Primary Keys: IDs versus GUIDs

LOL - Forgot to enter my name… Anonymous on July 23, 2009 2:48 PM

Like Andrew, I think URLs should be in the CONS list. Having hackable URLs make it much easier to debug and content admins who use my apps are able to grok a number in the query string (/Page.aspx?PageId=14).

The problem with these pros/cons, is that none of these pros make a whole ton of sense.

“Unique across every table, every database, every server” - The primary key needs only be unique within it’s own table. Everything else here is overkill.

“Allows easy merging of records from different databases” - so does a properly tuned insert…select statement.

“You can generate IDs anywhere, instead of having to roundtrip to the database” - but, the primary key belongs to the database. you should only need to create one when you’re inserting into the DB anyway, and already incurring the roundtrip. Generating PK IDs outside of the DB feels like a serious design flaw, leaving your app and DB tied together in a way that seems to fly in the face of design considerations like orthogonality.

There may be specific considerations where this is a fit, but I hate to see this presented as a great idea for everyone when in most cases it’s unnecessary slow down for questionable gain.

1 Like

My strategy is to use identity keys for anything that’s a sequence (such as a very large stream of chronological data - and no, the timestamp is not a valid option). For tables containing records that are only loosely related or totally unrelated to each other, I use a GUID. It’s convenient because, as mentioned in the original post, it can be generated right away without a round-trip to the server.

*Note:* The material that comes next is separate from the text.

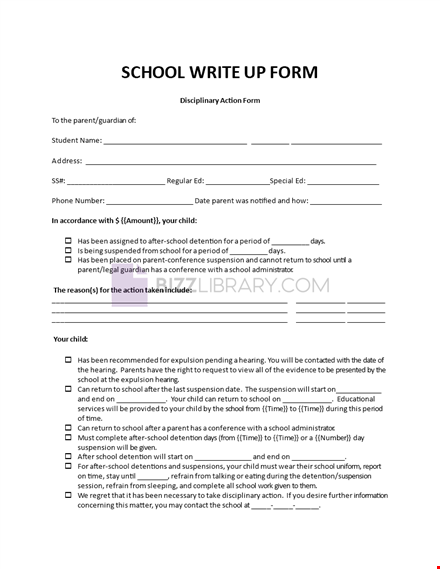 School Write Up Form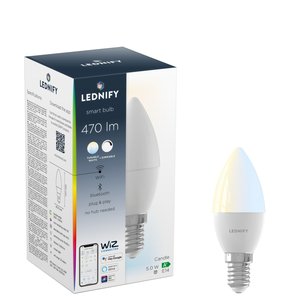 Lednify LEDNIFY WiZ Connected Smart LED Candle - E14 - 5W - 470LM - 2700-6500K LEDNIFY WiZ Connected Smart LED Candle - E14 - 5W - 470LM - 2700-6500K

If a table’s going to have billions or trillions of records (we have several of those), it’s rarely a good candidate for a GUID key because the potential for collisions does exist. It’s also better to use an int (or small/tinyint) for anything representing a “type” because it can be mapped to an enum or a set of constants at the application level.

Replication is a moot point. If you have multiple publishers sending to a single subscriber, just give each server a static key (one key for the whole server) and make the primary key on the subscriber a combination of the identity and the server ID. Perfect uniqueness, almost-perfect indexing.

Oh, just a P.S.: I read Joe Celko’s post and was kind of furrowing my eyebrow until he finally laid all his cards on the table with this statement:

“If you have designed your tables correctly, they will have a
meaningful primary key derived from the nature of the entity they
model.”

Sorry Joe - what you’re sellin’, I’m not buyin’.

And I almost missed this gem: “If you use IDENTITY as a key, the values tend to cluster on physical data pages because they are sequential.” No Joe, that’s what a clustered index is for. Identity keys don’t have to be the clustered index and mine usually aren’t.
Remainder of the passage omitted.